Key political meeting concludes in Beijing, putting Xi on par with Mao
Analyst: Move means Xi Jinping can be "emperor for life"
China has elevated the stature of President Xi Jinping and cemented his grip on power by including his name and political ideology in the Communist Party constitution.
At the end of a pivotal twice-a-decade meeting, party delegates voted unanimously Tuesday to make “Xi Jinping Thought on Socialism with Chinese Characteristics for a New Era” a guiding principle for the party.
The move puts Xi on par with Chairman Mao Zedong who founded the People’s Republic of China in 1949 and paramount leader Deng Xiaoping, who oversaw China’s opening up to the world.
Deng Xiaoping Theory was added to the constitution six months after his death in February 1997. China’s previous two presidents, Hu Jintao and Jiang Zemin, haven’t had their names enshrined in the constitution in this way.
What is Xi's new era?
- Socialism with Chinese Characteristics has long been used to describe how Marxism has been adapted for China. The term was closely associated with Deng Xiaoping as a way to promote economic development.

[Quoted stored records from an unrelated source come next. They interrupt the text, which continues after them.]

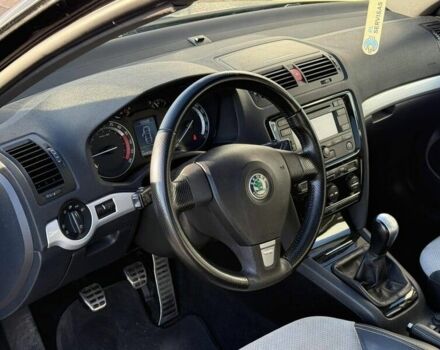 Черный Шкода Октавия, объемом двигателя 2 л и пробегом 254 тыс. км за 2200 $, фото 16 на Automoto.ua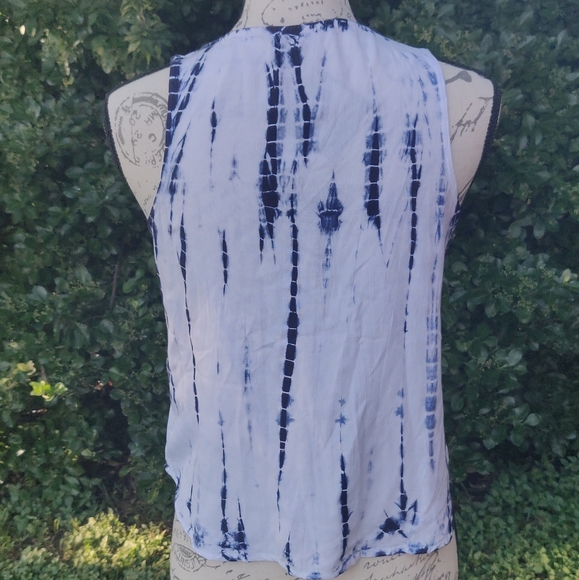 Style Envy tank top - Picture 2 of 3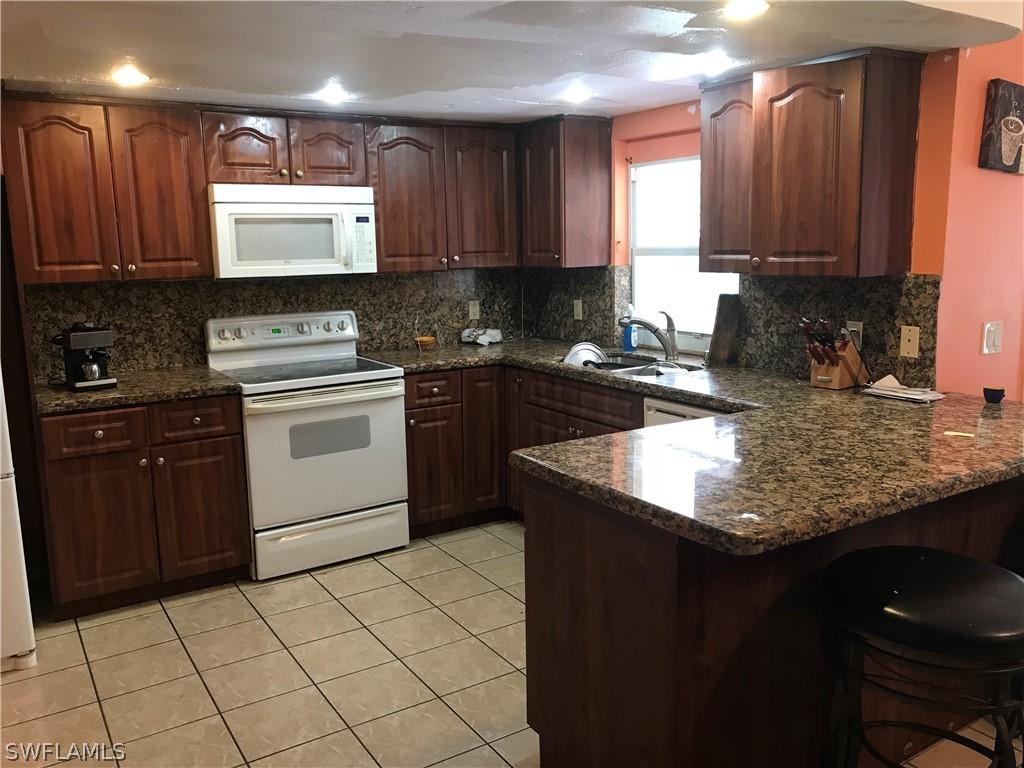 3752 SW Santa Barbara Pl., Cape Coral, FL 33914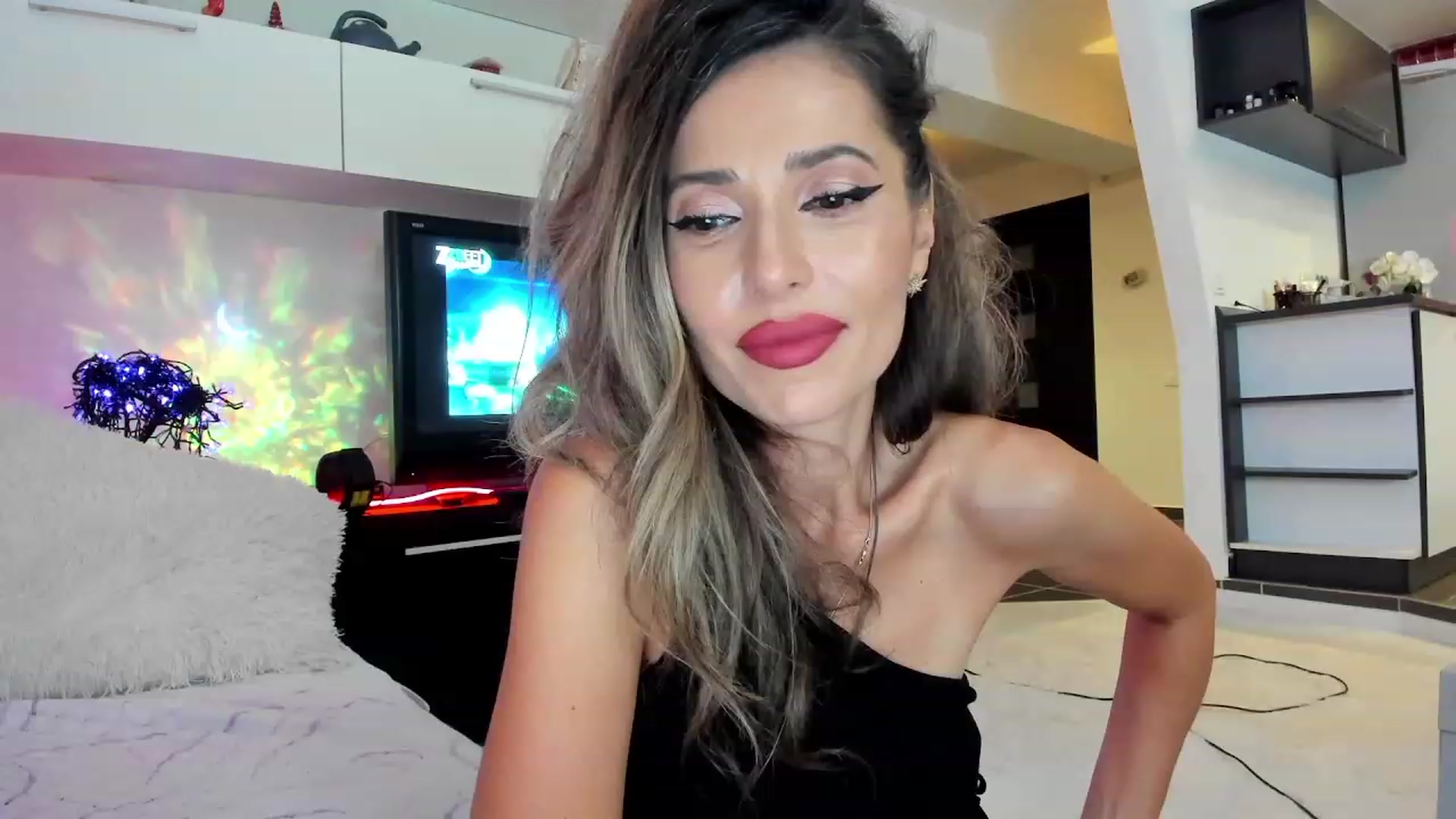 Gallery image thumbnail from ImReallyyNice's myfreecams stream on, 10/05/2023, 22:20 image 10 of 20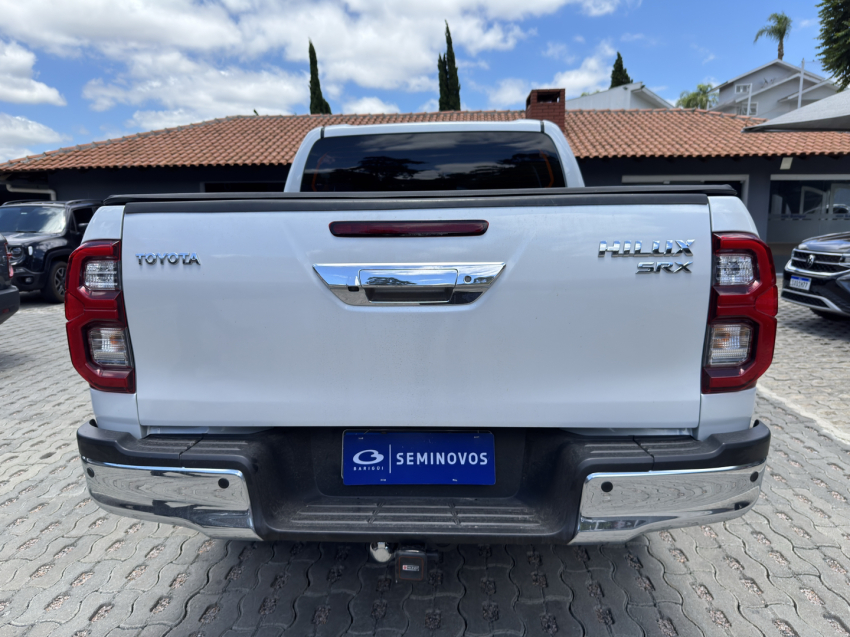 hilux cd dsl 4x4 srx at 23/245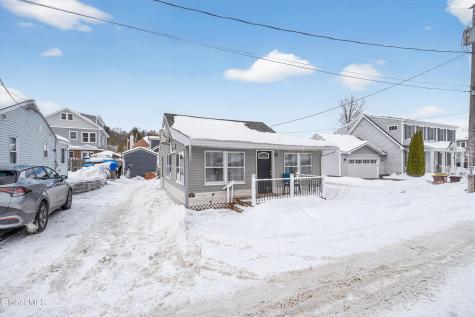 107 4th Street Saratoga Springs NY 12866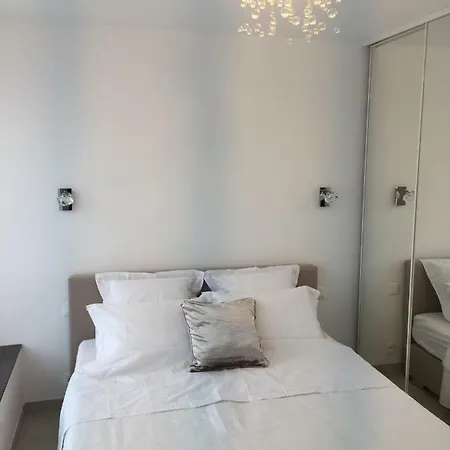Eden Beach Apartment Antibes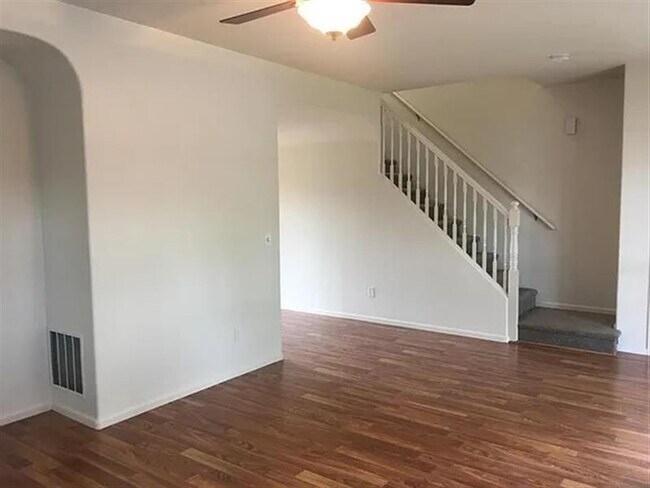 Building Photo - NICE HOME F16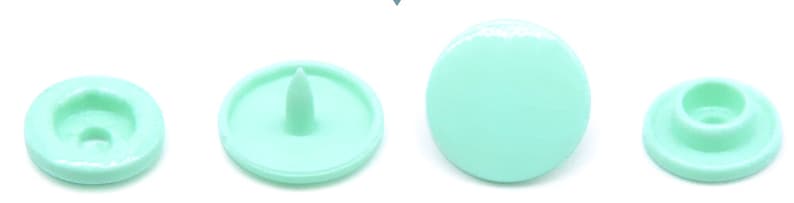 Peut inclure: Quatre boutons-pression en plastique vert menthe, deux avec un centre sur&eacute;lev&eacute; et deux avec un centre encastr&eacute;.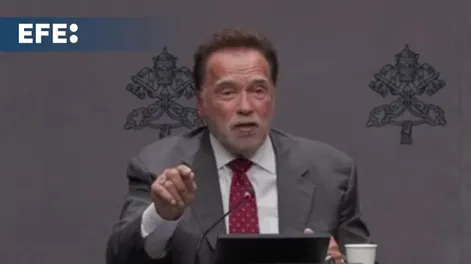 Arnold  Schwarzenegger visitó en las últimas horas el Vaticano para respaldar los esfuerzos del papa León XIV contra el cambio climático y el uso de combustibles fósiles.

- However, there's little agreement on what Xi's new spin means.
- Willy Lam, at the Chinese University of Hong Kong, says domestically it's about tightening Communist Party control over all aspects of Chinese life in the internet age.
- Globally, it's about making sure China becomes a superpower that gets to make the rules.
“Xi Jinping now has an institutional guarantee of support. He can be emperor for life – staying in power as long as his health allows,” said Willy Lam, an adjunct professor at the Chinese University of Hong Kong’s Center for China Studies.
Xi looks set to emerge from the 19th National Congress of the Communist Party of China stronger than ever, both domestically and on the international stage.
At home, Xi has taken down senior leaders in his anti-corruption drive, launched an unprecedented crackdown on free speech, and radically overhauled the two-million strong People’s Liberation Army, the world’s largest fighting force.
Globally, the world will now likely see China continue to step into a global leadership vacuum as the US turns inward under President Donald Trump.
As Xi presided over the closing session in the Great Hall of the People, more than 2,200 delegates raised their hands in unison to approve the party charter amendments, with staffers announcing “meiyou” (“none”) to indicate the lack of dissenting or abstaining votes.
Xi repeatedly referred to “Socialism with Chinese Characteristics for a New Era,” during a three-and-a-half-hour opening speech to the National Party Congress last week. And the resolution passed Tuesday echoed many of the same themes.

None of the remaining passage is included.